Y  siguiendo esa misma línea argumentativa puntualizó, que  si bien el señor Zapata Gonzáles ha detentado la  custodia provisional de la niña, lo cierto es que «no  es precisamente por una actitud abandonica  (sic)»  de la madre de ésta, de acuerdo al «historial  analizado»,  comoquiera que «lo  que se presentó fue una situación crítica en la  vida económica de la señora Juana (…)  cuando  terminó la relación amorosa o de pareja con el señor  David (…)  pues prácticamente al abandonar el hogar que conformó  (…)  quedó en el aire, no tenía donde siquiera residir, no  tenía trabajo del cual dependiera su subsistencia y menos la  subsistencia de su hija»,  lo que conllevó a que estuviera entre su ciudad de origen,  Riohacha, y el municipio de Soacha, «para  dejar de manera provisional»  a  la niña al «cuidado  de la abuela paterna porque allí estaban garantizados sus  derechos a una vida digna»,  lo  que «no  implica que sea una persona irresponsable»,  pues  «precisamente  por la preocupación que le asistía frente a ella, fue  que prefirió desprenderse de esa custodia  (…)».  
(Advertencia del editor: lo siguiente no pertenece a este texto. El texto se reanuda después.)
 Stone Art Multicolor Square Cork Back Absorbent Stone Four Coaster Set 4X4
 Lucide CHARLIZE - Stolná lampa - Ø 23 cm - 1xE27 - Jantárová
De  otra parte, advirtió que ambos progenitores son «personas  mentalmente sanas, que no representan dificultades o afectaciones  para detentar la custodia compartida»,  toda vez que «están  en capacidad de aportar a sus menores hijos una vivienda digna donde  se garanticen sus derechos fundamentales prevalentes (…)  pero a más de ello, contamos con la propia opinión de  la referida niña (…)  quien muestra que tiene sentimientos arraigados con el padre (…)  pero también con su madre»;  además que esta última no tiene «antecedentes  penales»,  ni se trata de una persona «adicta  a sustancias psicoactivas (…)  o que represente un riesgo para que detente la custodia»,  lo  que acontece de igual manera con el padre, sumado a que ambos se  encuentran en la actualidad trabajando en la Policía Nacional  y Falabella SA, respectivamente, teniendo «estabilidad  laboral y personal».  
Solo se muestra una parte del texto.